[All quotations are taken from the New King James version of the Bible]
Just hours away from His arrest, one that led to His atoning death on the cross, Jesus, having spoken in metaphorical terms of His death and its consequences, John 12. 24-26, expresses something of His deep anguish at what lies before Him. He poses a rhetorical question to those with Him, ‘Now my soul is troubled, and what shall I say? “Father, save me from this hour”?’ v. 27. Analogous to this, in His prayer in the garden of Gethsemane He says, ‘O my Father, if it is possible, let this cup pass from me: nevertheless, not as I will, but as thou wilt’, Matt. 26. 39, but here Jesus emphatically says, ‘But for this purpose I came to this hour’, John 12. 27. He continues, ‘Father, glorify thy name’, v. 28. Here, the Father replies, ‘I have both glorified it, and will glorify it again’. Not everyone who was present understood what was said, however, as Jesus says to those present, ‘This voice came not because of me, but for your sakes’, v. 30.
John chapter 17 records the Lord’s prayer. We do not have the Father’s reply to the Son in the Gospel record. However, we do have the Father’s reply in His actions, as was preached on the day of Pentecost, ‘This Jesus God hath raised up, whereof we all are witnesses’, Acts 2. 32. Similarly, Paul writes, ‘concerning his Son Jesus Christ our Lord, which was made of the seed of David according to the flesh; and declared to be the Son of God with power, according to the spirit of holiness, by the resurrection from the dead’, Rom. 1. 3, 4. The resurrection of Jesus is the Father’s demonstration of His approval of the work of His Son. The final cry from the cross, in John’s Gospel, is, ‘finished’, John 19. 30!

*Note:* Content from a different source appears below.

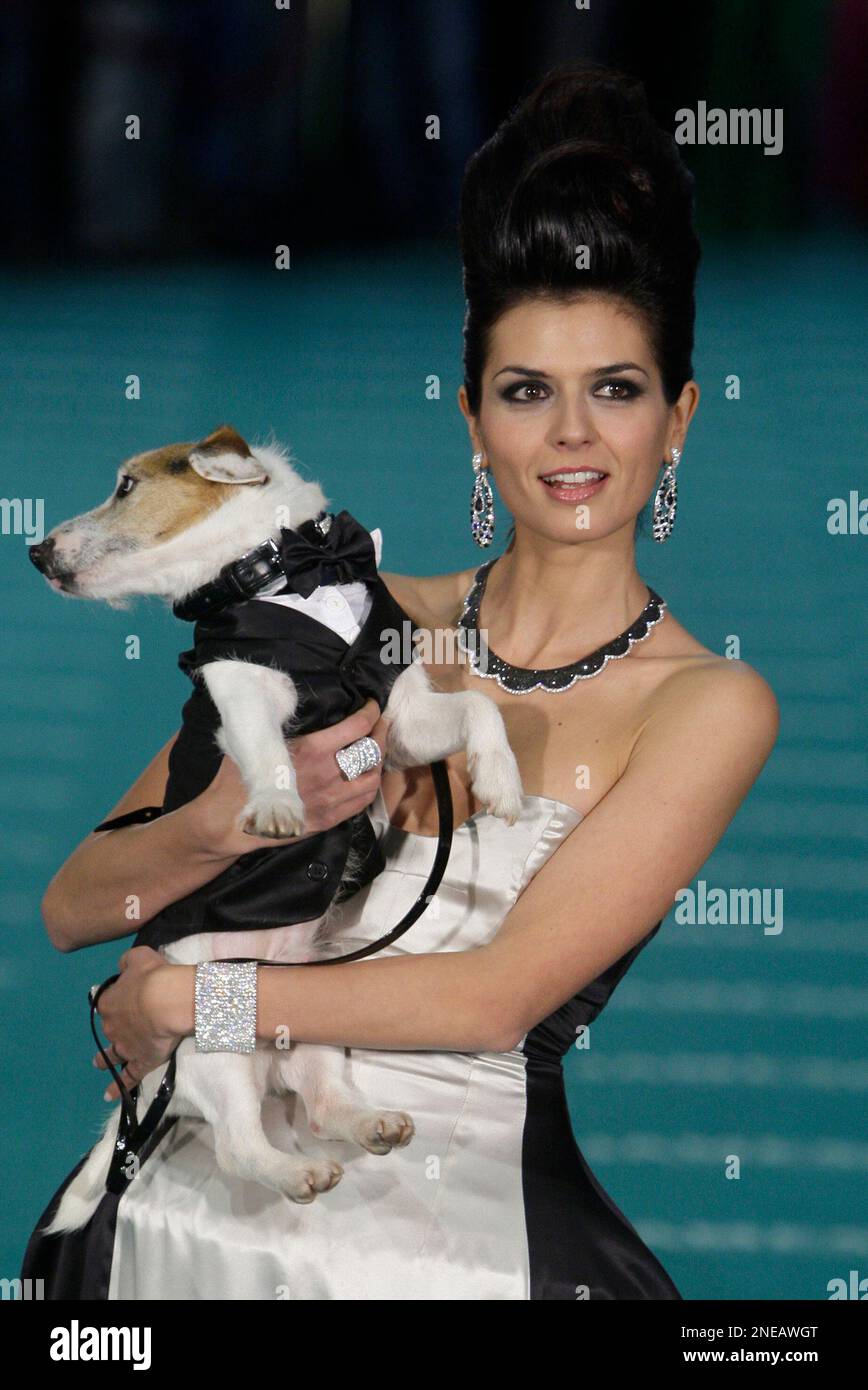 Spanish model Maria Reyes and her dog pose on arrival at the Goya 2010 ...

We learn about others from their conversations. Although probably a somewhat artificial example, we can see or hear interviews of people in the public eye and glean something of their character from what we hear. At a personal level, talking to others gives us a sense of beginning to know them. In a similar vein, from these heavenly conversations, we can learn a little of the relationship between members of the triune Godhead.

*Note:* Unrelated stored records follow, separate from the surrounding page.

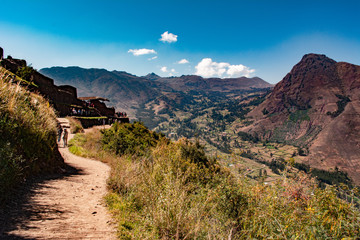 Snowy mountains with blue sky and white clouds, big hills with green pastures.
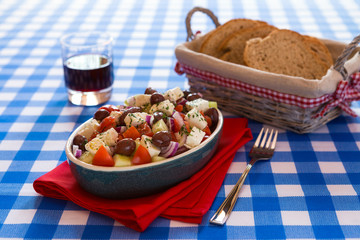 Greek salad with feta cheese olives tomatoes cucumber and onions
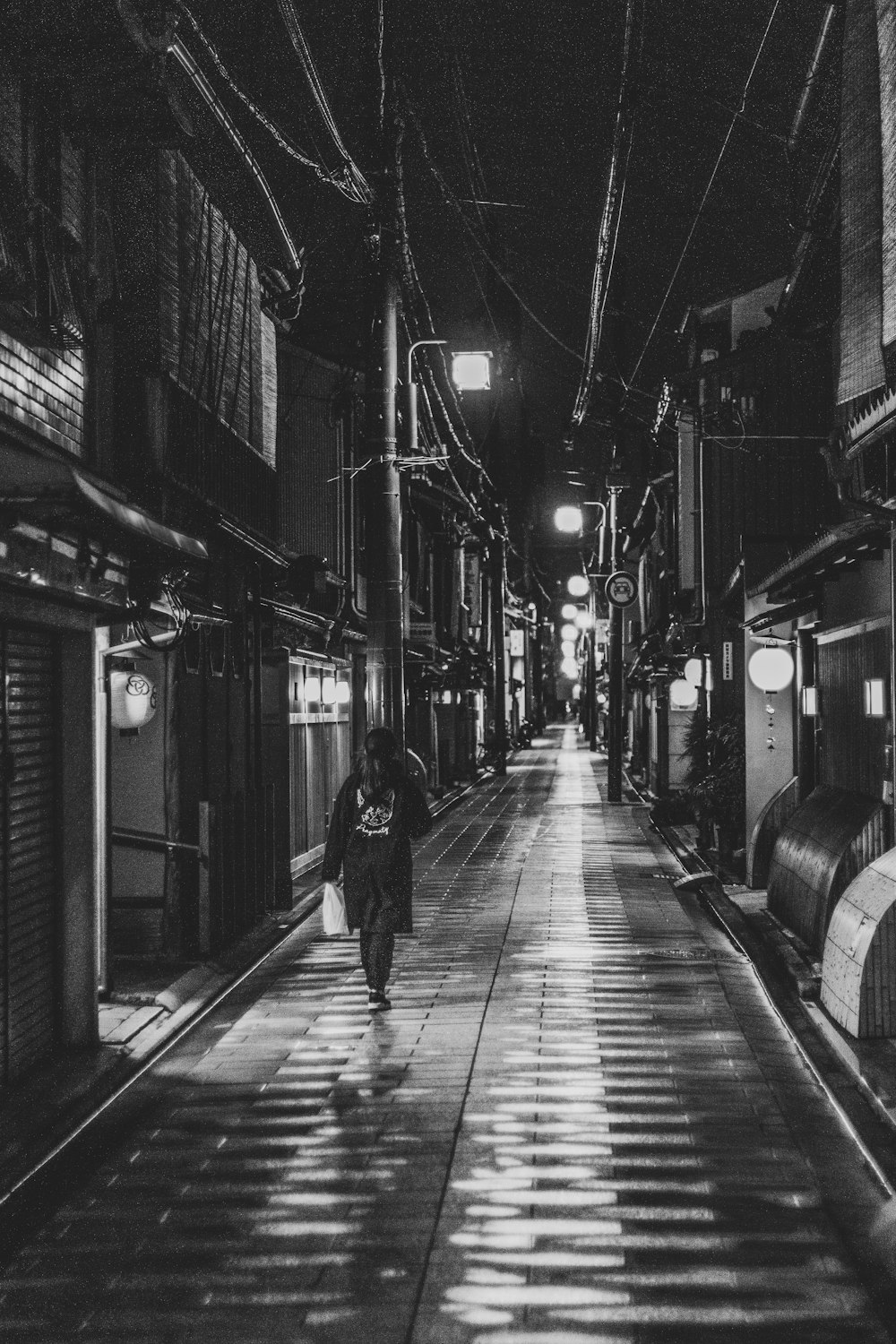 a black and white photo of a person walking down a street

The ‘Us and Our’ conversations are at pivotal points in human history, i.e., the creation of man, the ejection of man from Eden, and the confusion of languages. The first event shows something of the triune God. He is outside of time; He is powerful, and He places man at the pinnacle of His creation. The second event shows God guarding His holiness. The third event was a necessary one. At Babel there was an attempt to create a man-made religion. We suggest that with the building of a city and a tower to be the centre of the religion, this was the archetypal man-made religion, one of works, which is diametrically opposed to the gospel of grace. The triune God’s intervention was a necessary one to preserve the line of faith and is a stark lesson that man cannot build his way to God. Salvation is not man trying to find God, but God reaching out in grace to man. Further, it was at this point that population migration started, Gen. 11. 9. Noah and his sons had been commanded to ‘Be fruitful and multiply, and replenish the earth’, 9. 1, something that had not really taken place up to that point. However, with the confusion of languages, groups, no doubt speaking the same language, moved out from Babel to all parts of the earth. This pivotal point in human history is one that is still clearly evident today.

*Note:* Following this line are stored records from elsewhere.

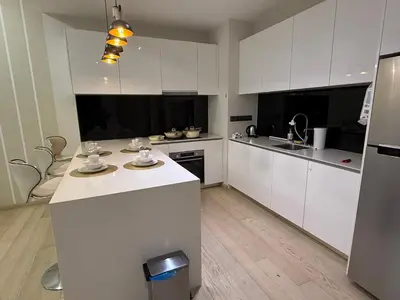 a kitchen with white cabinets and a white counter top at KL Star Residance KLCC by Nexus in Kuala Lumpur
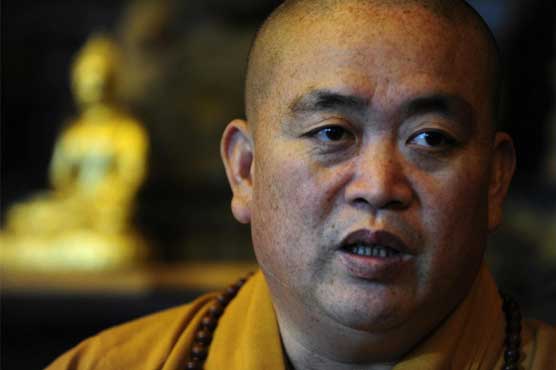 China media seek probe into claims against 'CEO monk'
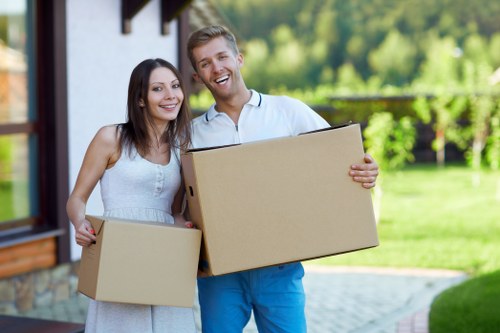 Local moving team handling boxes and furniture in Highbury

The fourth ‘Us and Our’ conversation raised the question, ‘Who will go for us?’, and the corresponding reply can, at least devotionally, if not typologically, be seen as the Son willingly volunteering to enter creation, on behalf of the triune God, to accomplish our salvation via the cross.
The other conversations we have had before us are conversations between two persons of the Godhead: The Father and the Son. These conversations often are about some aspect of our salvation. Our salvation could not be effected under the old covenant; a new one was a necessity, with a different priesthood. As the Father declares, Ps. 110. 4, the Son is the eternal High Priest of an unchangeable priesthood of the new covenant after the order of Melchizedek, Heb. 7. 21, 24, 26.
God’s plan of salvation required a servant, a perfect servant, to execute the plan. We see Jesus as the Servant of Jehovah, the one who could say, ‘My meat is to do the will of him that sent me, and to finish his work’, John 4. 34. As the bondservant He could say, ‘mine ears hast thou opened’, Ps. 40. 6; Exod. 21. 6; ‘I delight to do thy will, O my God: yea, thy law is within my heart’, Ps. 40. 8. In His high priestly prayer, He says to the Father, ‘I have glorified thee on the earth: I have finished the work which thou gavest me to do’, John 17. 4. Although not part of a heavenly conversation, from the cross He declares to the world the triumphal cry, ‘finished’, John 19. 30.
The overheard conversational fragments in the Gospel narrative are for our benefit. They show the continual approval of the work of Christ by the Father and act as a confirmation, if there were any doubt, as to who He is, and what He was doing.
Although the heavenly conversations recorded for us are short and infrequent in scripture, they are of immense value as they give us an insight into the inner nature of the triune God.